Though the Remington trigger can be adjusted, you end up with a trigger that still doesn't match the Savage because Remington has taken to putting heavier trigger springs in their guns which makes any meaningful kind of adjustment useless. The only way to get any kind of real adjustments is to replace the trigger spring and remove the sear and hone it down some and to me that is a modification, not a adjustment. Not to mention you just threw your warranty out the window. Yes I know about the X-Mark Pro triggers Remington is using now but they are sealed and Remington states only adjustable by their designated gunsmith. If you have a older Remington and want to try it yourself.........
http://www.quarterbore.com/library/arti ... igger.html

Take note of the Postscript.

BTW, Rifle Basix has a drop in replacement for the Stevens model 200 for $69. Adjustable from 1-3 pounds. http://www.eabco.com/Savage-Triggers.html


----------



## Horsager (Aug 31, 2006)

I don't like the accutrigger because to me it's very similar to a two-stage trigger. You pull on the skinny part until it meets the wide part (might as well call that what it is, 1/2" of creep) and then pull some more and the trigger goes off. A well tuned Rem, Win, Tikka, Sako, Kimber, Vanguard are heads and shoulders above an accutrigger. Learning to tune any of the listed factory triggers is at most a couple hours of tinkering.


----------



## Gohon (Feb 14, 2005)

Aw come on now, it's not that drastic. A 1/4" maybe but just the weight of your finger alone depresses it. After a few pulls of the trigger it becomes natural for the shooter. Yes the Rem, Win, Tikka, Sako, Kimber, Vanguard and a Savage are heads and shoulders above, well maybe not heads and shoulders but better than the accutrigger but as you said they must be tuned. The operative word there is tuned, not adjusted. The new Remington triggers have all the internal parts finely polished and smoothed out which makes for a very good trigger, but you still have that god awful trigger spring Remington is now using and must be replaced to complete the job. Savage set the stage for user friendly rifle triggers for the average shooter and Remington has seen the light and followed suit, but they still haven't managed to get all the way there yet. I'm not sure I would advise someone to tinker with a trigger unless they have at least a basic knowledge of what they are doing. A oops in that department means a future accident at worst and buying new parts at best. Point I was making to the poster is, as is from the factory the X-Mark Pro trigger still does not match up to the Accutrigger.


----------



## Horsager (Aug 31, 2006)

Of the dozens of Rem triggers I've worked on only 1 needed more than just adjusting the screws provided. I ended up swapping that one out for a Rifle Basix drop-in and the problem was solved. I still have yet to open up the casing on a Rem trigger.

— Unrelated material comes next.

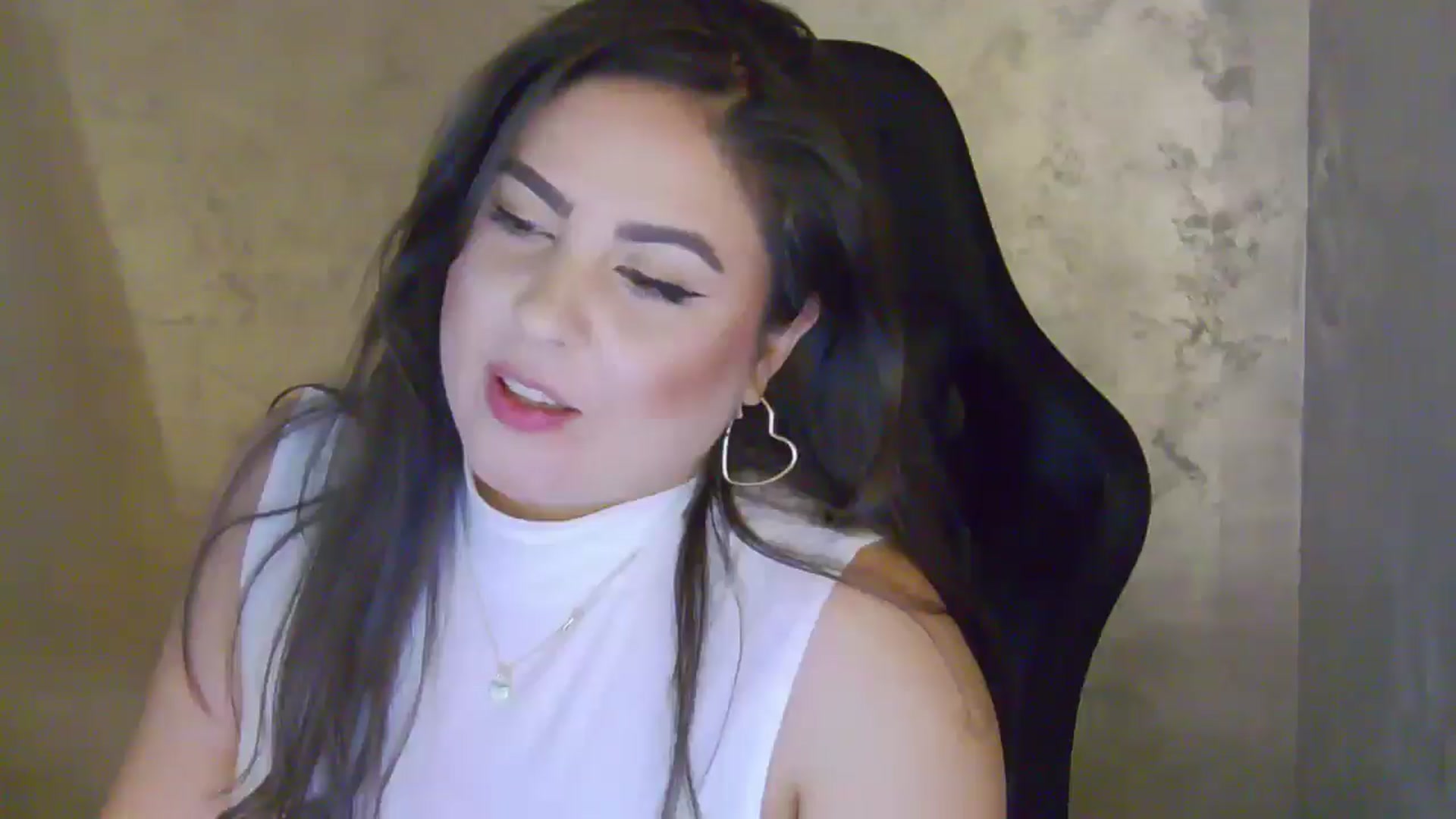 Gallery image thumbnail from NotVanilla's myfreecams stream on, 02/09/2026, 24:54 image 10 of 20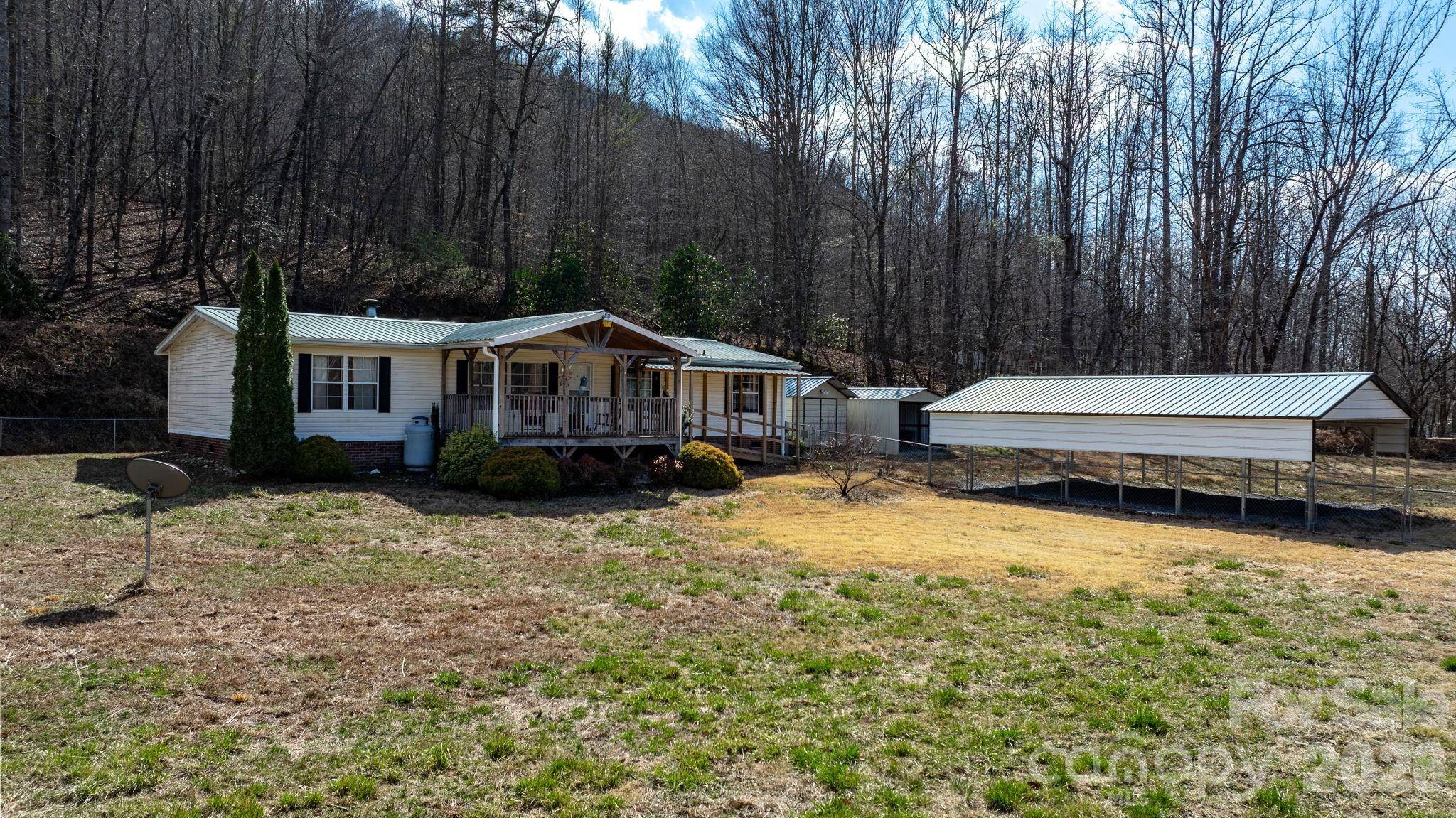 1922 Zacks Fork RD, Lenoir, NC 28645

This isn't nearly well enough advertised but, I think Browning has nearly the best (in terms of easy for the layman to adjust) adjustable factory trigger (A-bolt and High/Low Wall). It is a single screw with a stop. Meaning if you want the trigger as light as possible you just back the screw out until it stops, nearly impossible to screw up. You really can't over adjust or wreck it.

Tikka and Sako are also a single screw adjustable, but you can make them so light that the trigger will fail to reset. Wby Vanguard is very similar to a Remington, as is the Kimber, you need a bit of experience for both. I also find Winchester triggers exceptionally easy to adjust, but you again do need a bit of experience.

To me the accu-trigger is very similar to the palma match trigger that comes with the target model Rugers, and I don't like the built in creep.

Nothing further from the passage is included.